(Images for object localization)
BEGIN
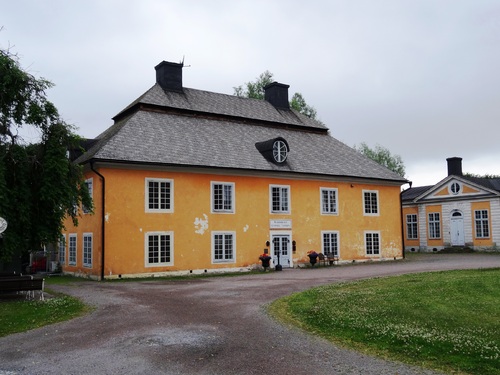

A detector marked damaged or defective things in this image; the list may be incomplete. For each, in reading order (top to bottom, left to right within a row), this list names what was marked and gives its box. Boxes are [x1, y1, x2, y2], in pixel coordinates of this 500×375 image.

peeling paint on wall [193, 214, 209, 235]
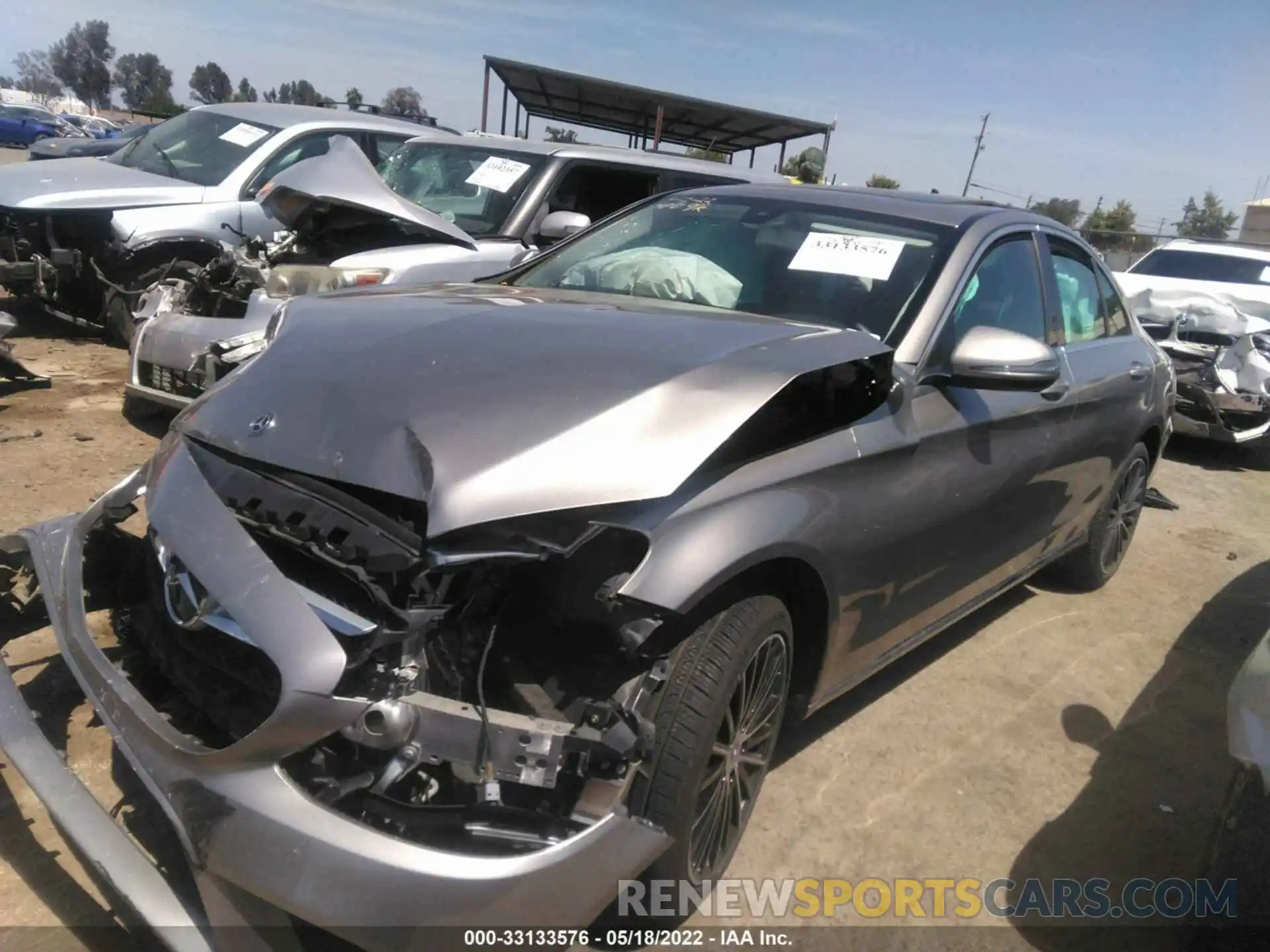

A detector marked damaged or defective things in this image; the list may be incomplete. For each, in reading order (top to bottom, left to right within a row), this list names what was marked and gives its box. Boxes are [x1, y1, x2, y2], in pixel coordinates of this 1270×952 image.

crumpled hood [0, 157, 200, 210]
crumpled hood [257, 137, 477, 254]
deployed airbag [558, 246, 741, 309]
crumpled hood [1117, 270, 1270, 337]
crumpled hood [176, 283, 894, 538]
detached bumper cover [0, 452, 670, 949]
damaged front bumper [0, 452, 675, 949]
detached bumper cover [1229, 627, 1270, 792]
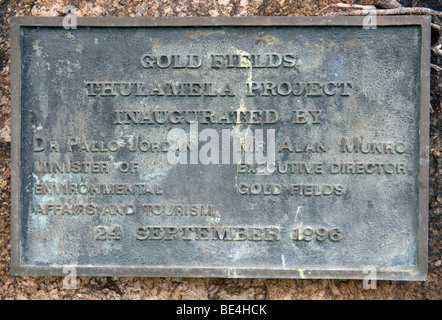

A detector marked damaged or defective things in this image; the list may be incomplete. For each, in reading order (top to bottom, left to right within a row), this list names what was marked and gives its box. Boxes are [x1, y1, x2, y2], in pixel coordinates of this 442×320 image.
END
• EXERCISE DIRECTIONS:
The required result is an exact copy of the lines from the line containing "this 1270×952 image." through the end of the entries, with every picture left out.

• OUTPUT BELOW:
A detector marked damaged or defective things in this image; the list may be incomplete. For each, in reading order (top to bottom, left to right within a row), this list names what was marked and gives its box. Boxes are [x1, y1, x2, y2], in pixel coordinates of this 1270×952 image.

crumpled hood [0, 157, 200, 210]
crumpled hood [257, 137, 477, 254]
deployed airbag [558, 246, 741, 309]
crumpled hood [1117, 270, 1270, 337]
crumpled hood [176, 283, 894, 538]
detached bumper cover [0, 452, 670, 949]
damaged front bumper [0, 452, 675, 949]
detached bumper cover [1229, 627, 1270, 792]

A detector marked damaged or defective things in this image; the list may be incomplete. For each, in reading order (top to bottom, left to right within a row), this list names what was marked and gives its box. Boxes are [x1, y1, x2, y2], in pixel coordinates of this 442×320 image.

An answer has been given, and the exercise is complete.